Supplied entries Start Marker

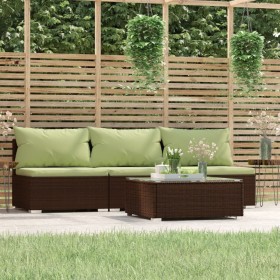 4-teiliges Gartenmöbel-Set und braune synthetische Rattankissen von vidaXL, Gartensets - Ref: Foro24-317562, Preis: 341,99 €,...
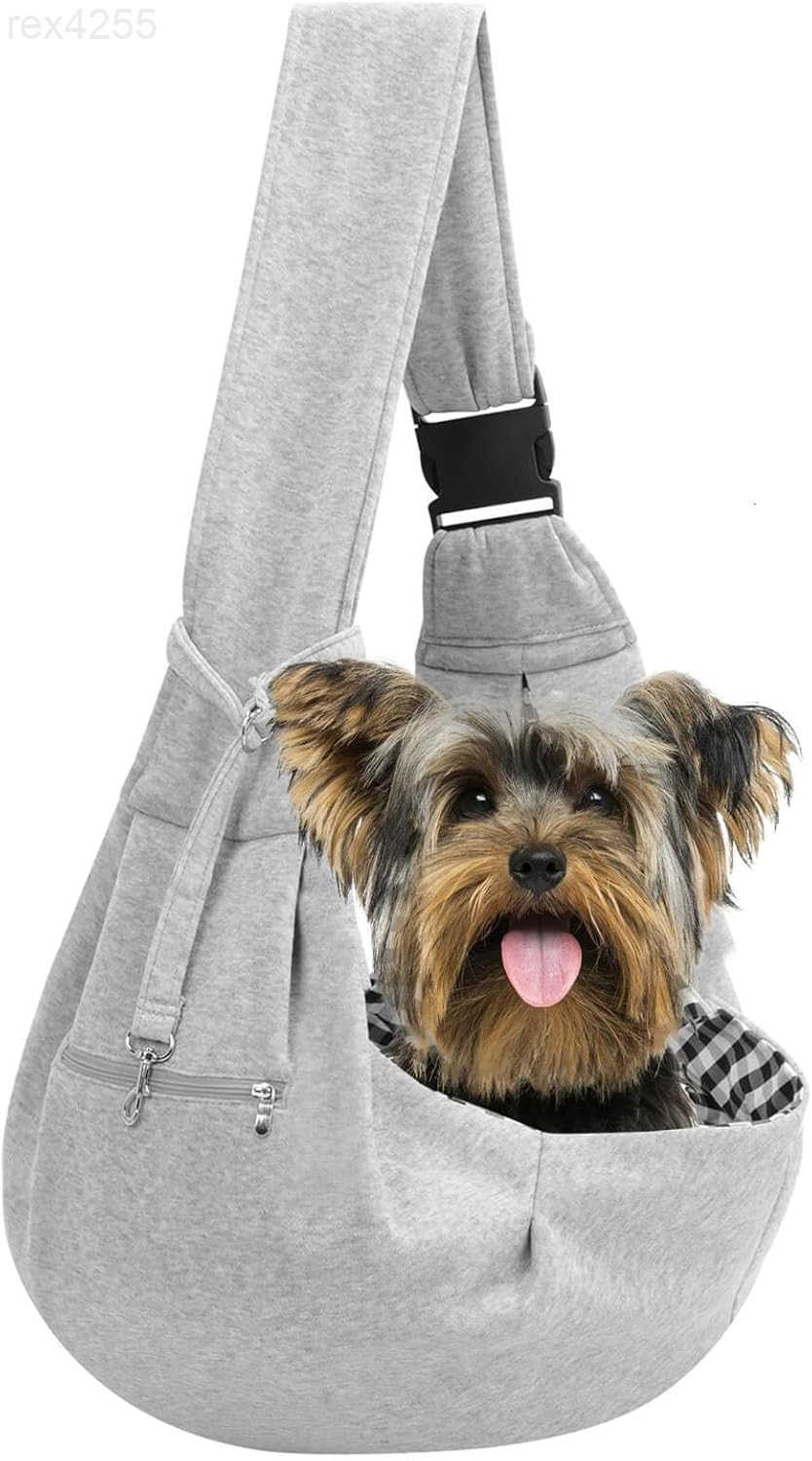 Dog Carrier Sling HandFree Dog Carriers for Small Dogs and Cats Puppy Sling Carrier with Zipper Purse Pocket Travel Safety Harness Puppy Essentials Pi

Supplied entries End Marker
Supplied entries Start Marker

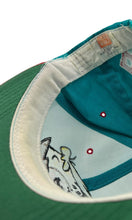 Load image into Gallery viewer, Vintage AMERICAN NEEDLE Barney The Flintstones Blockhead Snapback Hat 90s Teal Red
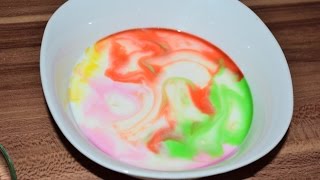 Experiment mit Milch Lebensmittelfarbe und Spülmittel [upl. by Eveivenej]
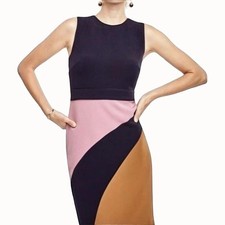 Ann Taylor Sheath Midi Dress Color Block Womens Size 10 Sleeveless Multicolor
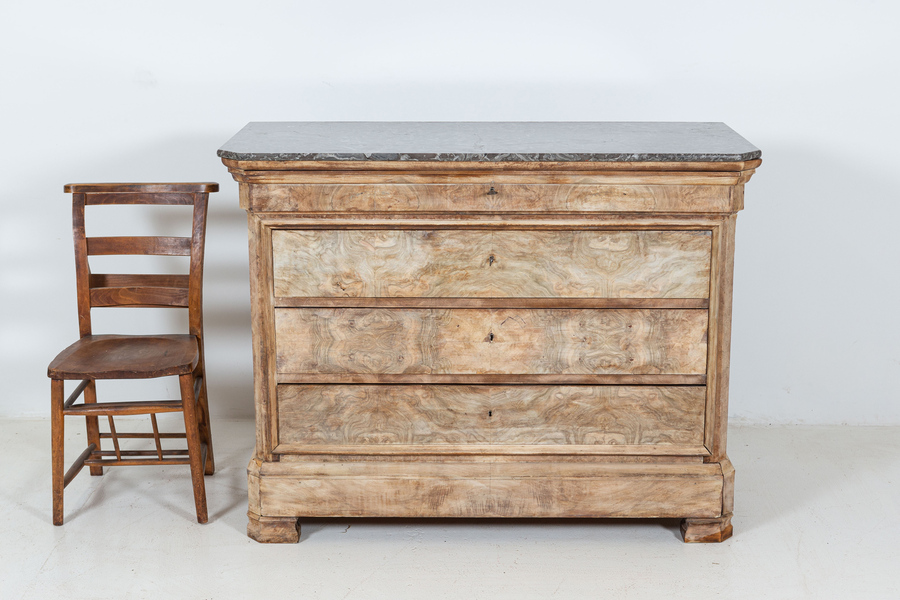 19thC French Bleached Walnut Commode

Supplied entries End Marker

**What you are asked to do:** Work from the entries above. Set down exactly and only the lines from the line with "Load image into" to the line with "19thC French Bleached Walnut Commode", both included, and leave the pictures out.

**Written reply:**
 Load image into Gallery viewer, Vintage AMERICAN NEEDLE Barney The Flintstones Blockhead Snapback Hat 90s Teal Red
 Experiment mit Milch Lebensmittelfarbe und Spülmittel [upl. by Eveivenej]
 Ann Taylor Sheath Midi Dress Color Block Womens Size 10 Sleeveless Multicolor
 19thC French Bleached Walnut Commode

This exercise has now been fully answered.